On Monday, the American currency had been thumped down to a six-week low against most major and emerging market currencies, extending its latest run of losing streak, and US Treasury bond notes were hovering close to their five-week lows despite the Federal Reserve’s remarks that any spike in inflation indicators would likely to be shortlived.

Aside from frets over an inflation-surge alongside further a slip-off of US Treasury bond Yields from a 14-month peak of 1.77 per cent hit later last month, a broad-based hike in appetite for riskier assets alongside a rally in global equity indices to record closing highs, appeared to have weighed heavily on the American Dollar.

In point of fact, latest headwind in US Dollar Index that fell to a six-week low amid a subdued US Treasury bond notes with 10-year US Treasury bond Yields hovering at 1.59 per cent, came forth amid growing investors’ jitters over a plausible hike in interest rate as US inflation has been heating up following disbursement of a $1.9 trillion American Rescue Plan, endorsed and signed off in to a law by the US President Joe Biden back in early-March.

US Dollar caught off-guard amid subdued Treasury bond yields

Citing statistics, in the day’s FX market closure, the US Dollar Index (DXY) measured against a basket of six major currencies on an average, plunged as much as 0.54 per cent to 91.02, while against safe-haven Japanese Yen, the American currency shrugs off 0.59 per cent to 108.14 yen per Dollar.
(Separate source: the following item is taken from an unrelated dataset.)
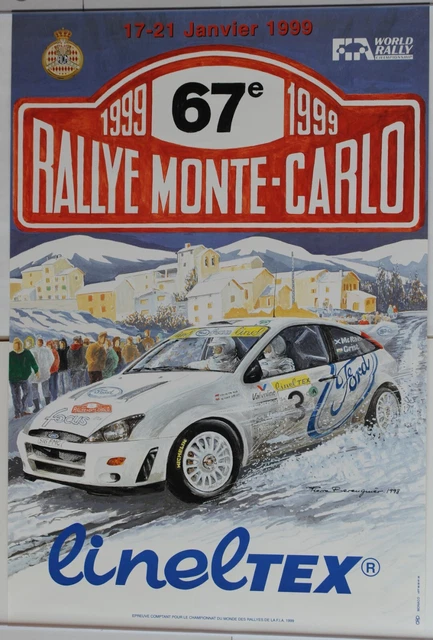 Subaru Impreza S5 WRC99 22B Rallye Monte Carlo 1999 Gilles Panizzi - Hervé Panizzi 1:18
Safe-haven Swiss Franc, in tandem, added 0.49 per cent to $0.9152 against its American counterpart. Aside from that, the bloc’s single currency euro, shared among 19 eurozone member states, gained 0.45 per cent to $1.2035, while the British Pound surged as much as 1.09 per cent to $1.3986 against the greenback.

Besides, the Australian Dollar, often contemplated as a proxy for risks in global trades, added 0.30 per cent to $0.7757, while New Zealand Dollar rose 0.51 per cent to $0.7182 against its American peer. Meanwhile, referring to a stronger global equity market amid a high-flying kickstart of latest earnings’ season which in turn would more likely to add further strains on the greenback, a head of research at Pepperstone Market Ltd., a FX broker in Melbourne, Chris Weston said, “The fixed income market will dominate my world this week, with the risk currently skewed to further yield declines, pressuring the dollar.